Qué cansador es repetirle al concreto de nuestras metrópolis que no sólo de pan vive el hombre, qué cansadora es la ansia del laico perdido entre las jaurías que por las mañanas cruzan Apoquindo.
En su historia moderna, Occidente ha intentado levantar muchas banderas ante el acertijo del dolor, ante el oráculo de la concupiscencia. Hoy, en nuestra fantasía posmoderna donde supuestamente nada tiene un significado unívoco si bien sólo puede haber un significado oficial, aquella fantasía que, al decir de Alejandro Vigo, “a la vez que sanciona como indeseable e incluso como impracticable toda forma de unanimidad y consenso” se tiene a sí misma como la única opción posible, la vida, entregada a la desidia del naufragio espiritual, no tiene más sentido que la mera producción material, y lo que la justifica son los escasos momentos de placer que se tallan en nuestras junglas de cemento como oasis entre la esquizofrenia de los lémures bailarines, momentos que se elevan como pináculos de la gloria entre la decadencia apocalíptica. Frente al dolor, el placer. Frente al vacío, el consumo.
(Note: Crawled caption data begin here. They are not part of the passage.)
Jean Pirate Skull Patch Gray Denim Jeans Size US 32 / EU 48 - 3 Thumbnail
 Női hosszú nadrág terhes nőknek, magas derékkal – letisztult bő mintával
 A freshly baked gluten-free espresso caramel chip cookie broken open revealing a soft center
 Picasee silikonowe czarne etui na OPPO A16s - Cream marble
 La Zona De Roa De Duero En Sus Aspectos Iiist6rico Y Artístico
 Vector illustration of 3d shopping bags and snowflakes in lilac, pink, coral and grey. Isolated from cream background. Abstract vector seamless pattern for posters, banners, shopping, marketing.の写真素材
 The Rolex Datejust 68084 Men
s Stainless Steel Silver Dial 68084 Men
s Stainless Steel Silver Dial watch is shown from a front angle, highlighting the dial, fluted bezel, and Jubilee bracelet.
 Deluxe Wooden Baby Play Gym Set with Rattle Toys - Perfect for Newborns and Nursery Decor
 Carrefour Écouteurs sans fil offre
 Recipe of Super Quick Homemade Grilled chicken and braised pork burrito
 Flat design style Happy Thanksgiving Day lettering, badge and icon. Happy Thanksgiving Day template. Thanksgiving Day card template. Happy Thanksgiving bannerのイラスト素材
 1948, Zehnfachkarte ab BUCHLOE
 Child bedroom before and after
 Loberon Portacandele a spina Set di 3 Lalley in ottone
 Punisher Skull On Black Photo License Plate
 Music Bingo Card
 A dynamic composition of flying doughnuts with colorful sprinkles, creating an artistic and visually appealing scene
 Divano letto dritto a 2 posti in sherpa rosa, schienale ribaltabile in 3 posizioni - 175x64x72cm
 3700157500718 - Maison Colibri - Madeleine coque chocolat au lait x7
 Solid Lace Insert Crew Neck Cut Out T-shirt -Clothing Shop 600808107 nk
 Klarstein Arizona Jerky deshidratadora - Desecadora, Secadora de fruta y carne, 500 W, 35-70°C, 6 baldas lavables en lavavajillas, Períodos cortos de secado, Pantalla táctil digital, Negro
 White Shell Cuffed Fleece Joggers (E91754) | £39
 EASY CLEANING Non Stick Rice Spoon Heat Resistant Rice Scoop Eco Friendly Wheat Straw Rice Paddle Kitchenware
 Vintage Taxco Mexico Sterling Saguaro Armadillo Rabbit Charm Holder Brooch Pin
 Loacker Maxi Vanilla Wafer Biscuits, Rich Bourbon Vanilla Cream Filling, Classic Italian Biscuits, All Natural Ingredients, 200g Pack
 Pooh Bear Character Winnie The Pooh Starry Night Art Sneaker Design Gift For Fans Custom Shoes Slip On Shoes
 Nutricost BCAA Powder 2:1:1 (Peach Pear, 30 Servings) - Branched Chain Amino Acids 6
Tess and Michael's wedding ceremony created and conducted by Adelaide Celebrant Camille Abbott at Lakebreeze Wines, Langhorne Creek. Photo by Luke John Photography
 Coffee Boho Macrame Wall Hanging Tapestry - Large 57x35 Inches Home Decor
Pero ya sabemos que nada que produzca la materia podrá alimentar nuestra alma ni llegar a saciar nuestra sed de Él: qué cansador es repetirle al concreto de nuestras metrópolis que no sólo de pan vive el hombre, qué cansadora es la ansia del laico perdido entre las jaurías que por las mañanas cruzan Apoquindo [1].
¿Qué hacer, entonces? ¿Cuál es la esperanza de un mundo que, al decir de Agustín, dio la espalda a Dios para buscarse a sí mismo y, al encontrarse vacío, se volcó sobre las cosas? ¿Acaso no hemos durante suficiente tiempo puesto nuestra esperanza en la materia? ¿No ha sido ese, quizás, el problema desde un principio, creer que la salvación de este mundo está en la expansión de un Imperio, de una ideología, de una economía?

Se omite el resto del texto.